NHKにようこそ! 稲葉陽vs橋本崇載 2013年 第21期銀河戦 決勝

2021年03月25日 | 将棋・名局

 稲葉陽八段が、NHK杯で優勝した。

 稲葉といえば、これで3度目の決勝進出と、この棋戦との相性の良さを見せているが、まだ優勝には届いていない。

 2017年の第67回大会では山崎隆之八段に、また昨年度も深浦康市九段に敗れての準優勝。

 決勝まで行って、そこで負けてしまう徒労感は相当のものだろうに、3度目勝ち上がってくる精神力は、すばらしいものがある。

 今度こそ、と気合を入れていたことだろう、名人挑戦を決めて勢いに乗る、斎藤慎太郎八段に激戦の末勝利。

 

 

NHK杯決勝の最終盤。ここで△25銀と飛車を押さえておけば、斎藤の優勝はほぼ決まっていた。

本譜は△35銀だったため、▲33銀、△同桂、▲同歩成、△同金、▲同金、△同玉、▲43金から、稲葉が一瞬の切れ味を見せ、後手玉を仕留めた。

 

 

 ともかくも、双方スレスレの線を行く将棋であって、大いに堪能したものだった

 ということで、前回は名人時代に佐藤天彦九段が見せた、華麗な桂使いを紹介したが(→こちら)、今回は稲葉の将棋を取り上げてみたい。


 2013年の第21期銀河戦。

 決勝に勝ち上がってきたのは、橋本崇載八段と稲葉陽六段だった。

 両者とも棋戦初優勝がかかった一番は、後手になった橋本が、早々の角交換から、ダイレクト向飛車に振る。

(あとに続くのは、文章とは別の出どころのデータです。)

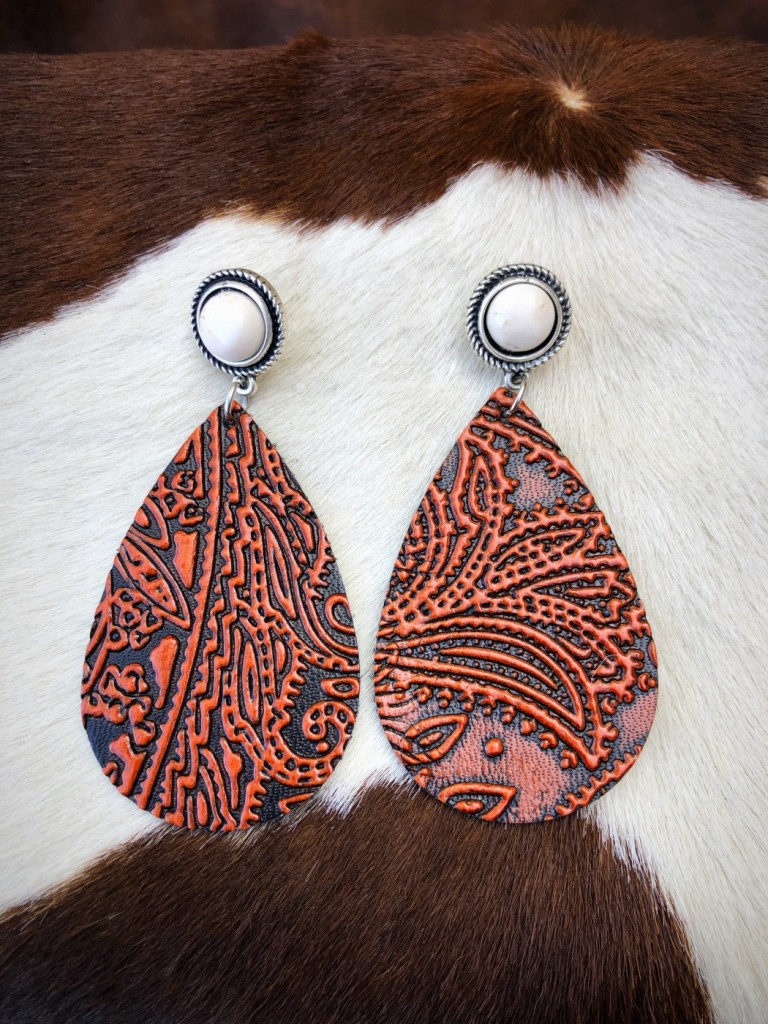 TOOLED LEATHER EARRINGS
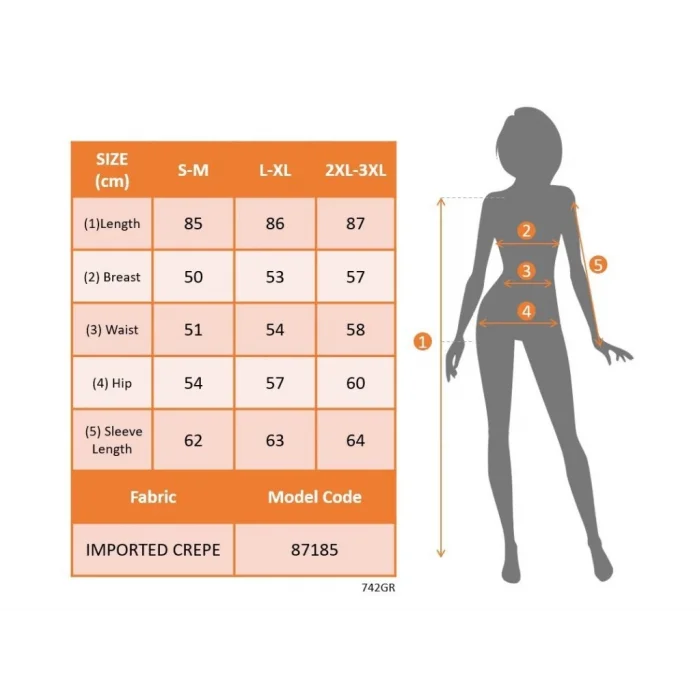 Kadın Uzun Kollu V Yakalı Kalp Desenli Mini Ithal Krep Elbise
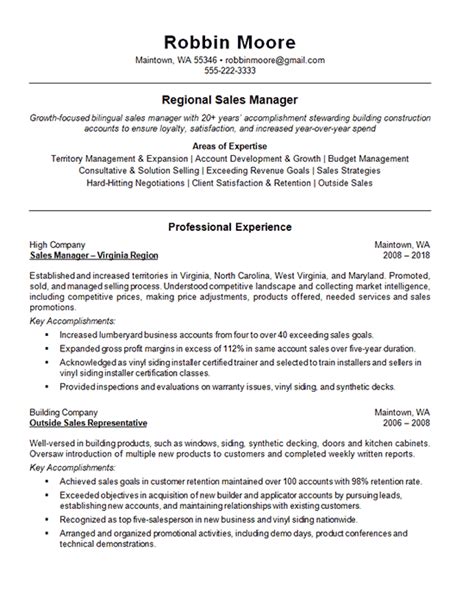 Regional Sales Manager Resume Sample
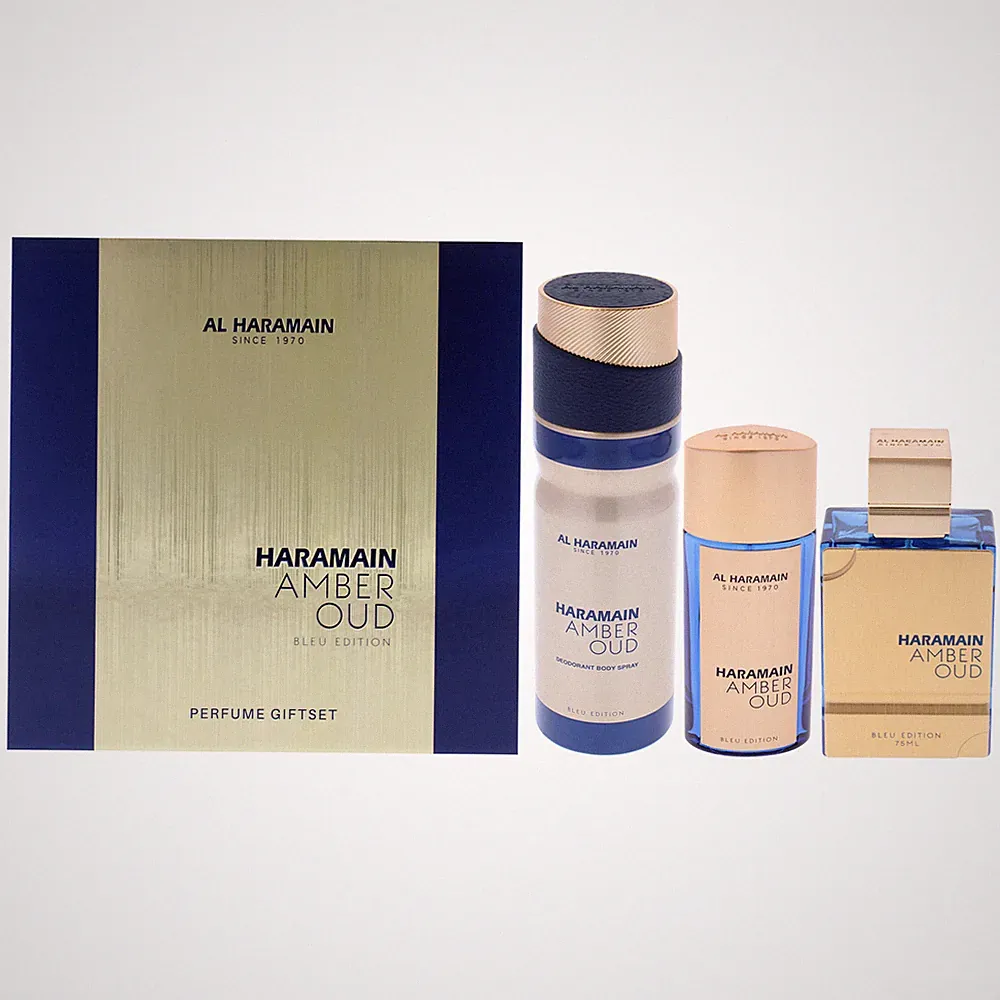 Amber Oud - Bleu Edition by Al Haramain for Unisex - 3 Pc Gift Set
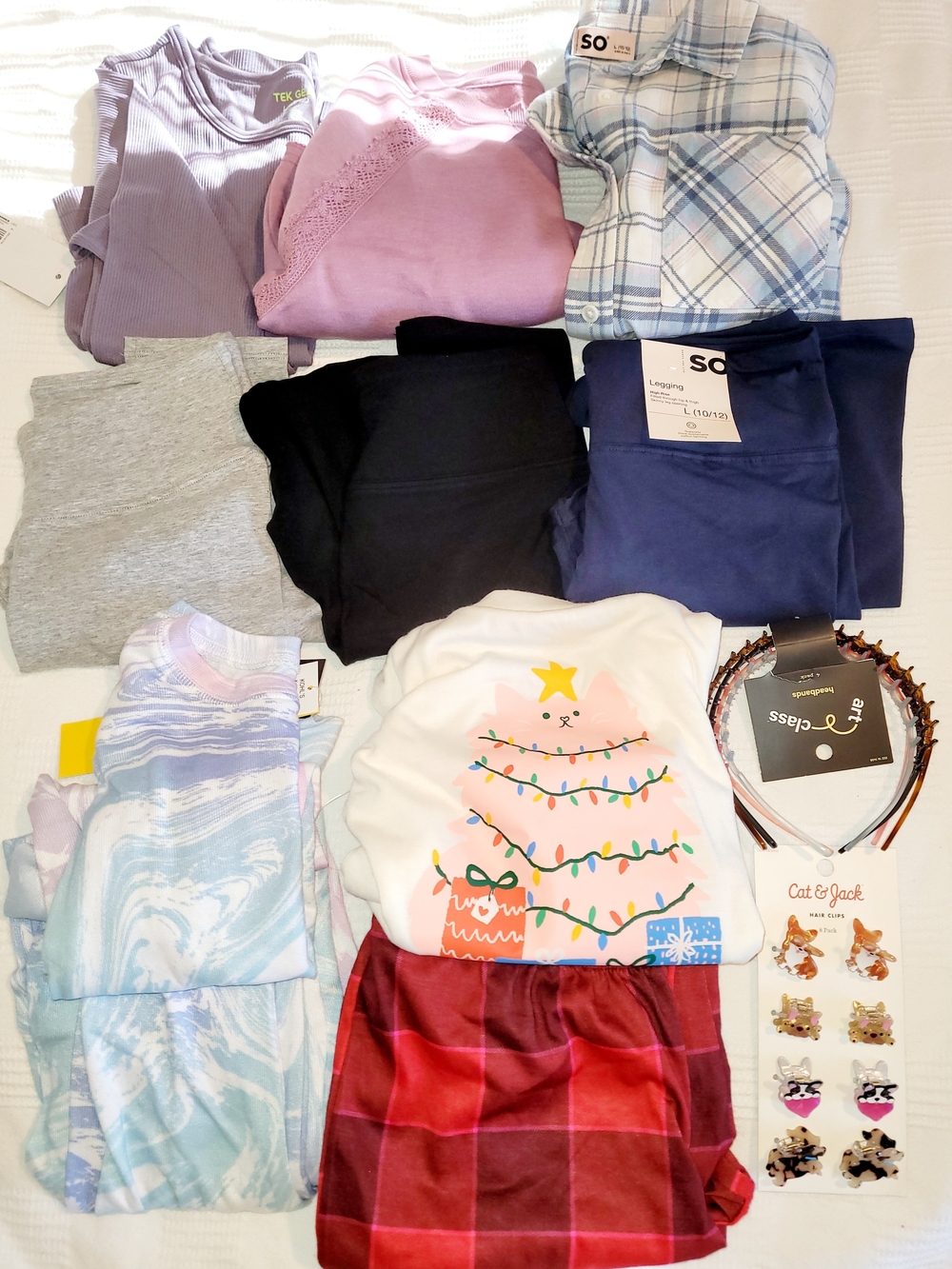 KOHLS GIRLS CLOTHING BUNDLE SZ 10/12 (L) TEN pc NWT + HAIR ACCESSORIES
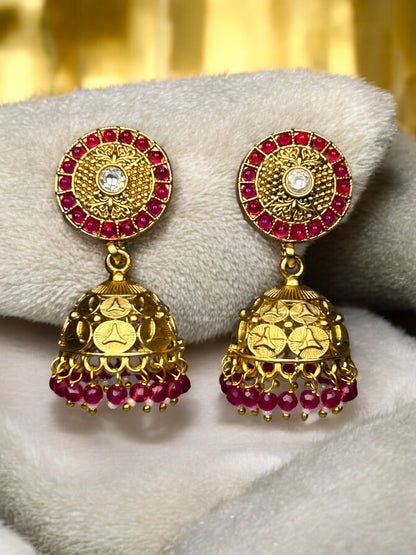 Gold Jhumkas with AD and Ruby Beads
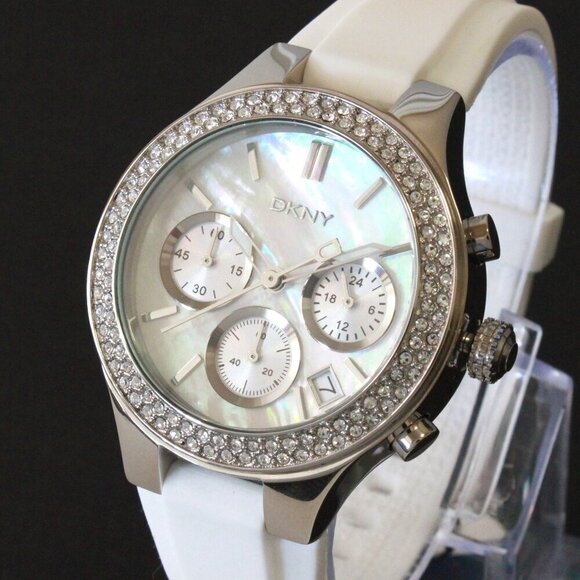 DNKY Women's Chronograph Crystal Bezel Mother Of Pearl Dial Silicone Strap 38mm - Picture 1 of 14
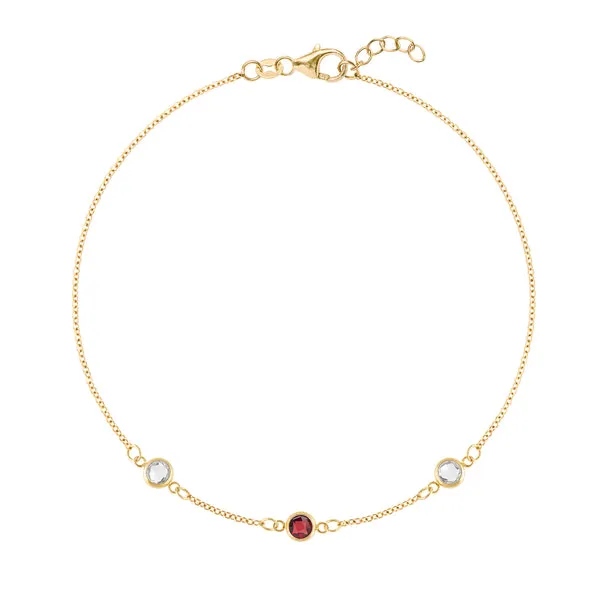Personalized Classic 3 Birthstone Bracelet in 14k Gold sold by Haverhill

 稲葉は銀冠で対抗し、▲66角と好所に据えて局面を動かしていくと、橋本もその角を目標に盛り上がっていく。

 むかえたこの局面。

 

 

 角銀交換で後手が駒得だが、△45の桂が取られそうなうえに、△33の金も玉から離れて使いにくい。

 先手は一目、▲45歩と桂を取りたいが、△55角と天王山に設置され、飛車を責められるのもやっかいだ。

 どう手を作るのか注目だが、ここから稲葉が、力強い駒の進撃を見せてくれる。

 

 

 

 

 

 ▲66銀と置いておくのが、なるほどという手。

 自陣にカナ駒を投入し、一見迫力なさげに見えるが、これが局面の急所を押さえ、含みが多い銀打なのだ。

 具体的には、△55角の筋を消しながら、いつでも▲45歩と取るぞとおどしをかけ、△57桂成から、△39角のような攻めも緩和している。

 ボヤボヤしてれば▲75銀から▲85歩と、玉頭戦から一気にラッシュで、そうなれば、後手の2枚の角がうまく機能しない可能性もある。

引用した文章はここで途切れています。